§ What you should do
Copy the listing below exactly, but skip the pictures.

§ Dataset excerpt
□ □ □ □ □
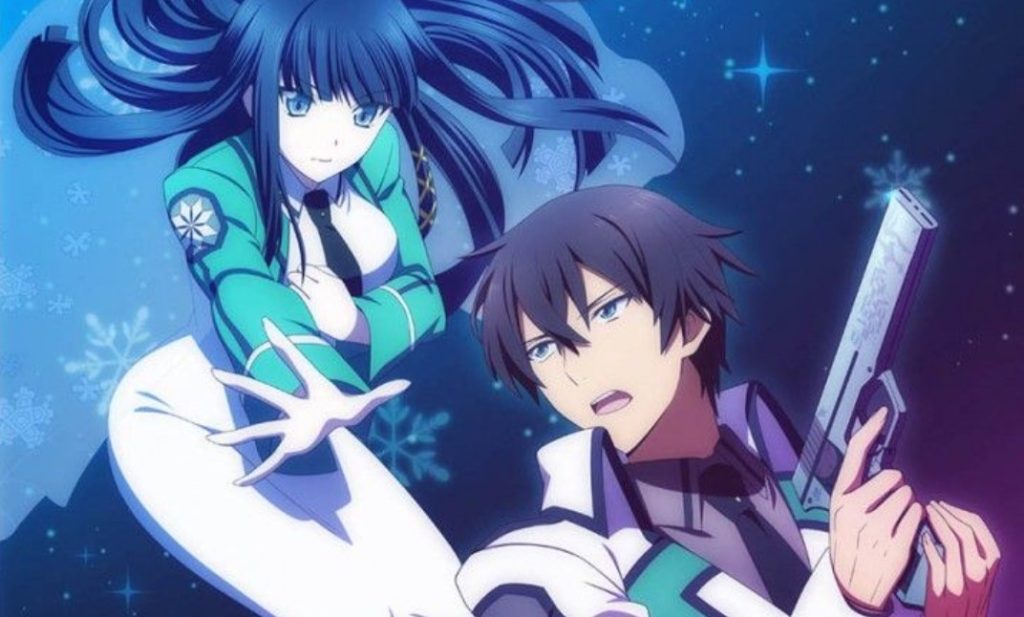 Best Succubus Anime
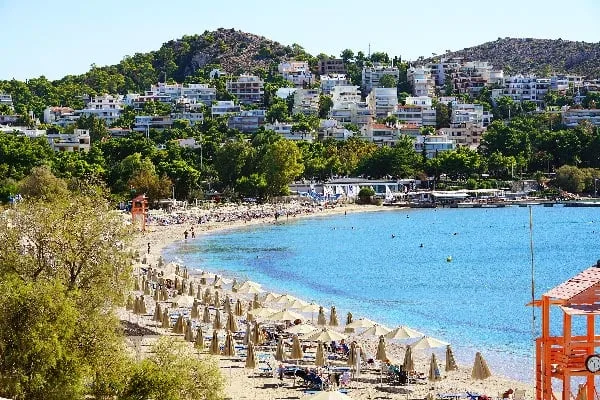 Aten, Vouliagmeni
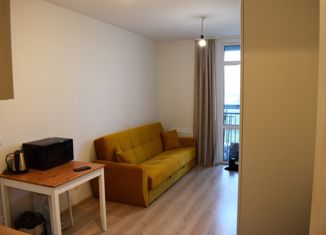 Квартира на продажу студия, 22.4 м2, Екатеринбург, ЖК Меридиан, улица Евгения Савкова, 23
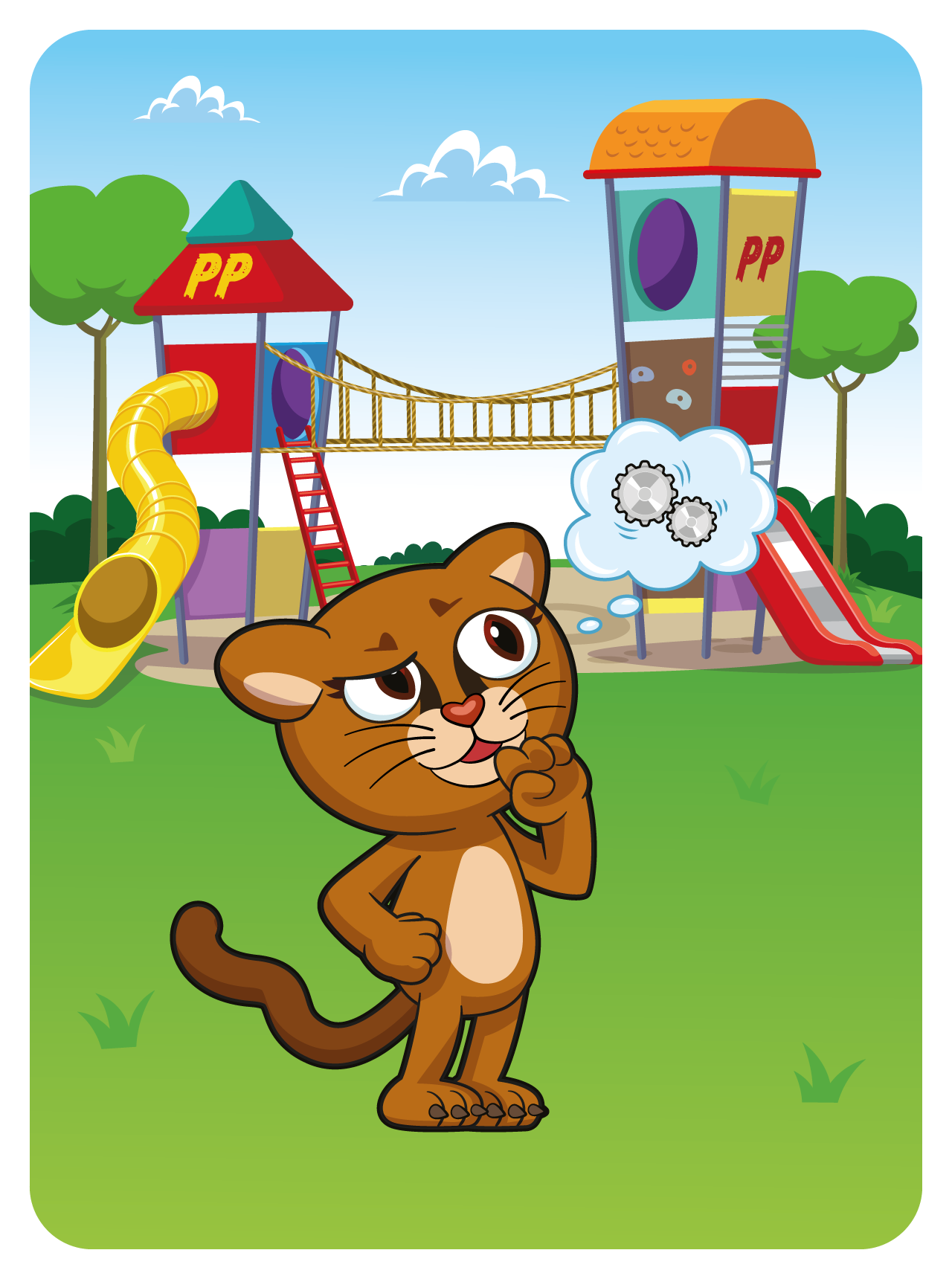 Gary Vaynerchuk - VeeFriends Series 2 - Consistent Cougar #34847 - NFT # 34847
□ □ □ □ □
§ Answer
 Best Succubus Anime
 Aten, Vouliagmeni
 Квартира на продажу студия, 22.4 м2, Екатеринбург, ЖК Меридиан, улица Евгения Савкова, 23
 Gary Vaynerchuk - VeeFriends Series 2 - Consistent Cougar #34847 - NFT # 34847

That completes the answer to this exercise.